Work request: Starting at the line that contains "Stamina Travis RFID", write out each line through the end of the data below, exactly as it stands. Skip any pictures.

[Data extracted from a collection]
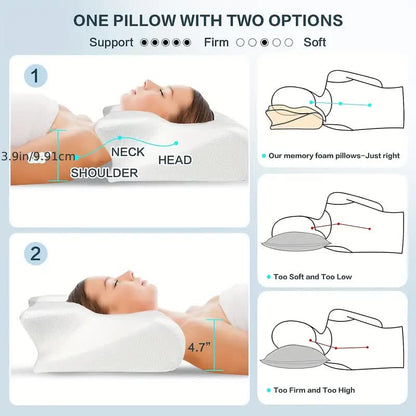 Rynx | SleepEase Butterfly Memory Foam Pillow – Ergonomic Support for Side and Back Sleepers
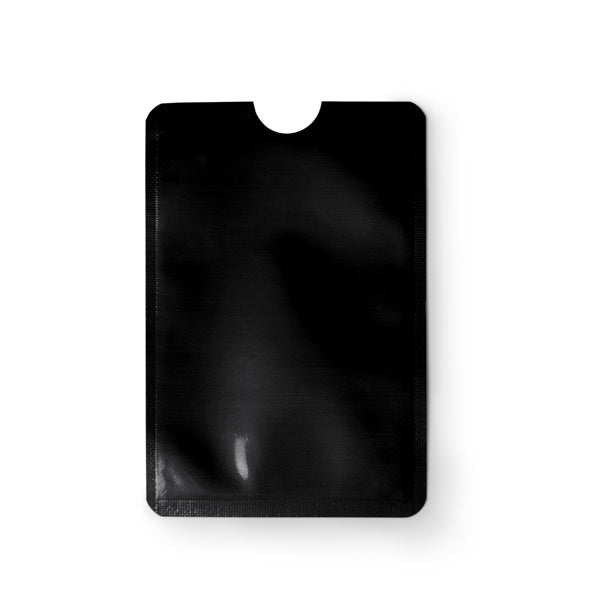 Stamina Travis RFID card sleeve in aluminium finish in black, ready for logo printing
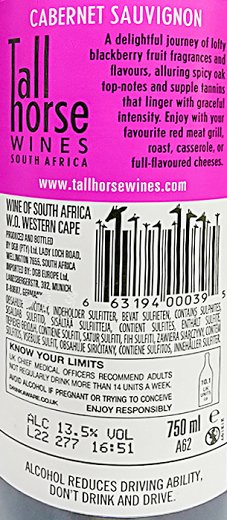 Tall Horse Wines South Africa Cabernet Sauvignon 750ml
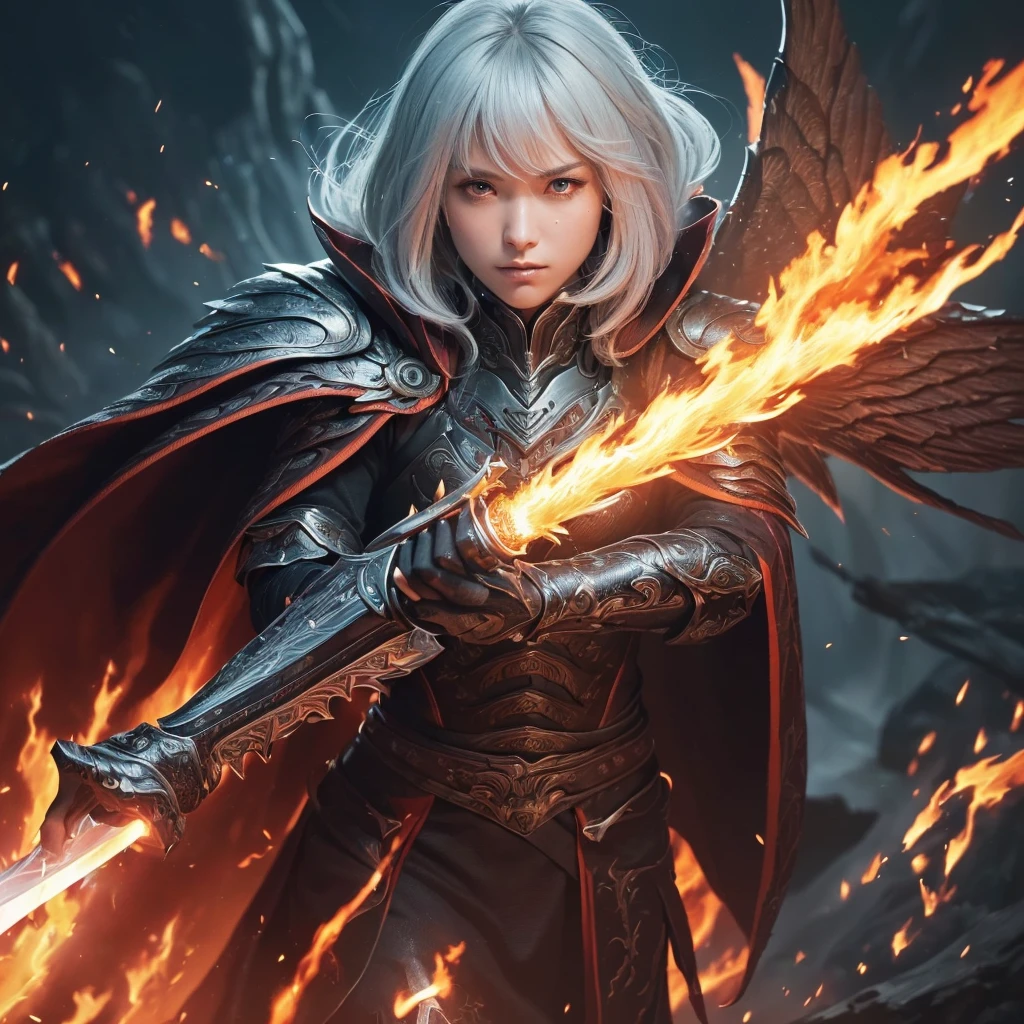 ((Ultra-fine illustrations, 8k, masterpiece :1.2, Sharp focus :1.2, Depth of written boundary:1.2)), Beautiful Swordsman, Absurd, Highly detailed face and skin texture, Silver Hair, Jet Black Armor, Flame Armor, Cloak on Fire, Flaming Sword, Wings of Fire, Determination to overcome sadness, There's a sign of determination in your gentle eyes , Strong Soul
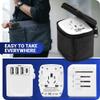 Universal International Travel Power Adapter W/High Speed 2.4A USB, 3.0A Type-C Wall Charger, European Adapter, Worldwide AC Outlet Plugs Adapters for Europe, UK, US, AU, Asia (White) view 3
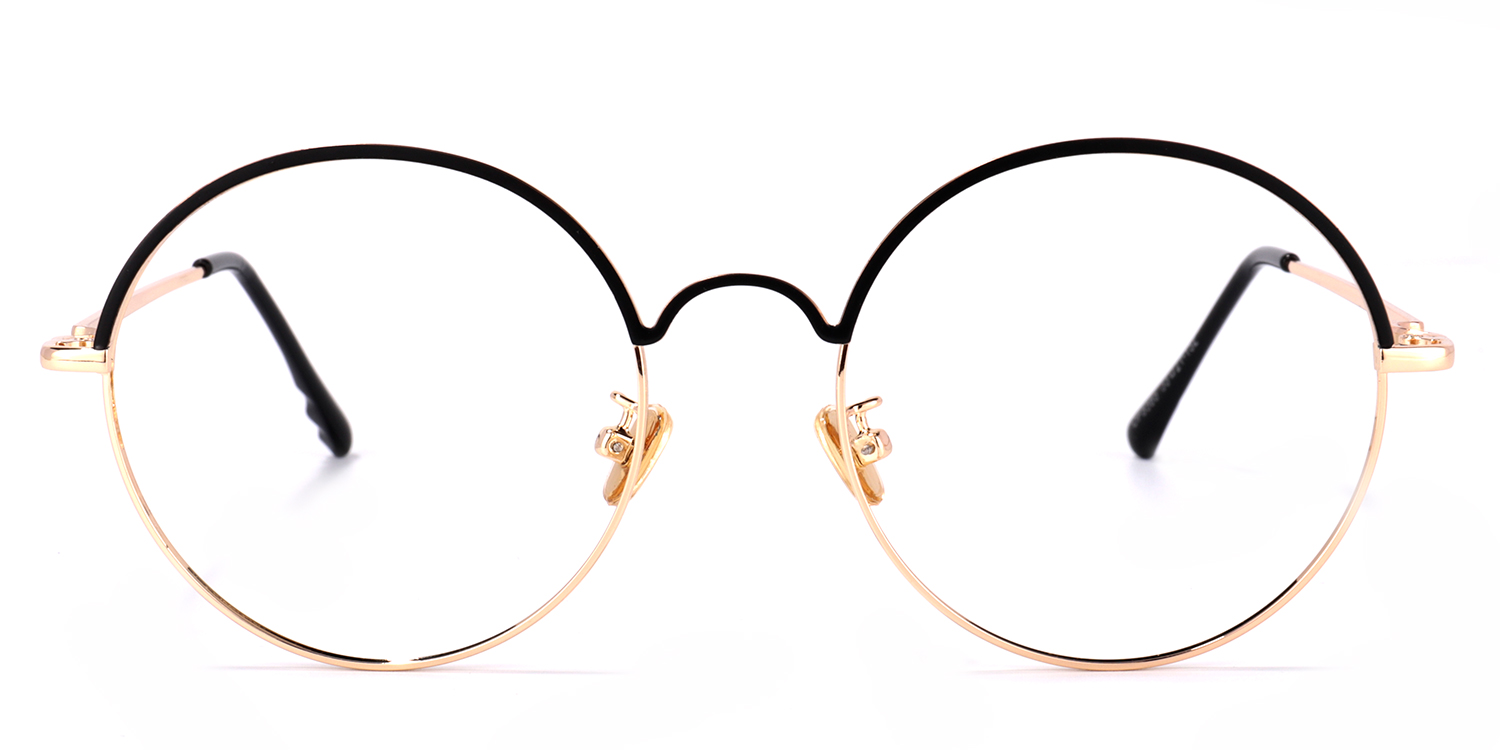 Beverly Schwarz-Gold Rund Brille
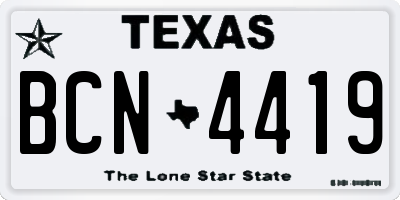 TX license plate BCN4419
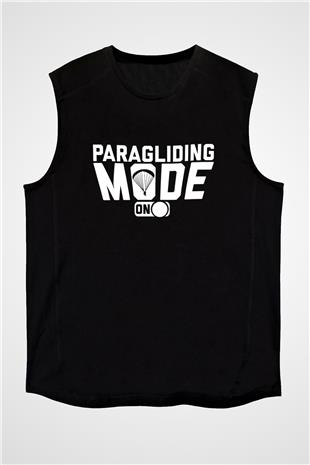 Yamaç Paraşütü - Paragliding Baskılı Unisex Siyah Kolsuz Tişört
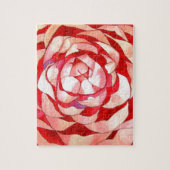 Roze Camellia abstract kunstschilderij Legpuzzel (Verticaal)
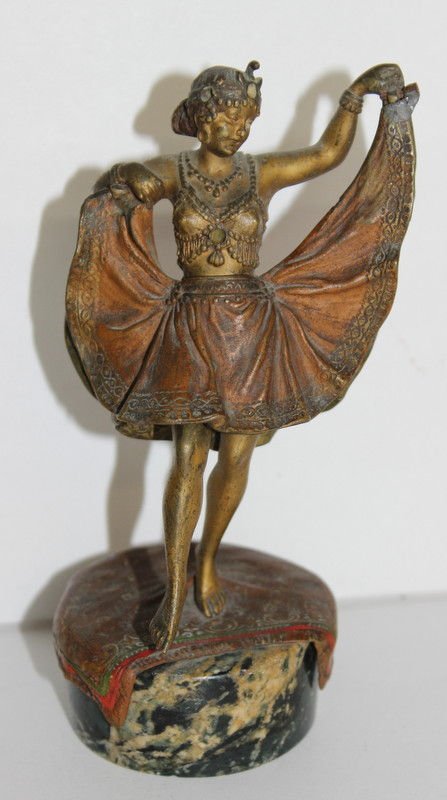 Franz Xavier Bergman (1861-1936) Erotic Bronze Dancer: Franz Xavier Bergman (1861-1936) Erotic Bronze Dancer. Measures - 5 1/2" high. Light loss throughout.
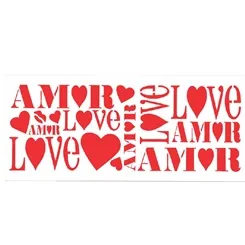 Stencil - 10x30cm - Amor - OPA483 - Opa Criando Arte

Reply to the exercise:
 Stamina Travis RFID card sleeve in aluminium finish in black, ready for logo printing
 Tall Horse Wines South Africa Cabernet Sauvignon 750ml
 ((Ultra-fine illustrations, 8k, masterpiece :1.2, Sharp focus :1.2, Depth of written boundary:1.2)), Beautiful Swordsman, Absurd, Highly detailed face and skin texture, Silver Hair, Jet Black Armor, Flame Armor, Cloak on Fire, Flaming Sword, Wings of Fire, Determination to overcome sadness, There's a sign of determination in your gentle eyes , Strong Soul
 Universal International Travel Power Adapter W/High Speed 2.4A USB, 3.0A Type-C Wall Charger, European Adapter, Worldwide AC Outlet Plugs Adapters for Europe, UK, US, AU, Asia (White) view 3
 Beverly Schwarz-Gold Rund Brille
 TX license plate BCN4419
 Yamaç Paraşütü - Paragliding Baskılı Unisex Siyah Kolsuz Tişört
 Roze Camellia abstract kunstschilderij Legpuzzel (Verticaal)
 Franz Xavier Bergman (1861-1936) Erotic Bronze Dancer: Franz Xavier Bergman (1861-1936) Erotic Bronze Dancer. Measures - 5 1/2" high. Light loss throughout.
 Stencil - 10x30cm - Amor - OPA483 - Opa Criando Arte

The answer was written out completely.